Chaleur de mai : le moustique tigre accélère son cycle de développement
Chaleur de mai : le moustique tigre accélère son cycle

Le moustique tigre favorisé par la chaleur de mai ?

Face aux températures déjà élevées de ce mois de mai, le moustique tigre voit son cycle de développement s'accélérer. Les experts observent une dynamique plus précoce des nuisances, notamment sur la Côte d'Azur.

Comment le moustique tigre vit-il ces températures élevées ? « Il faut avant tout savoir que les œufs éclosent à partir du mois de mars jusqu'en avril », explique Nicolas Le Doeuff-Le Roy, entomologiste à EID Méditerranée, opérateur public missionné dans le cadre de la santé publique par l'ARS Paca.

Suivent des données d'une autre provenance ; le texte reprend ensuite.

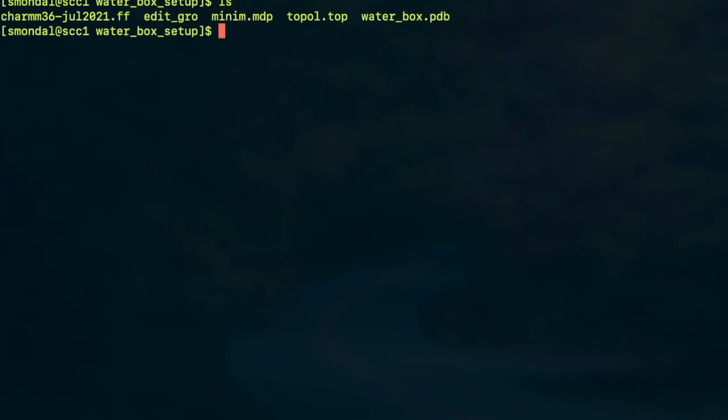As you can see we have a file named waterbox.pdb. If you don't know how to create that, in my previous video I have described how to use PACMOL to create this file starting from a single water molecules.pdb.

Un développement accéléré par la chaleur

La rapidité du développement larvaire dépend directement de la température. La chaleur accélère bien le processus. « Entre 15 et 20 degrés, cela prend peut-être une semaine et demie, deux semaines, voire un peu plus », indique le scientifique. Entre 25 et 30 degrés, on peut compter environ une semaine, et au-delà de 30 degrés, le développement peut atteindre cinq jours. Une limite existe toutefois : « Même s'il fait 35-40 degrés, il n'y aura pas vraiment de différence. »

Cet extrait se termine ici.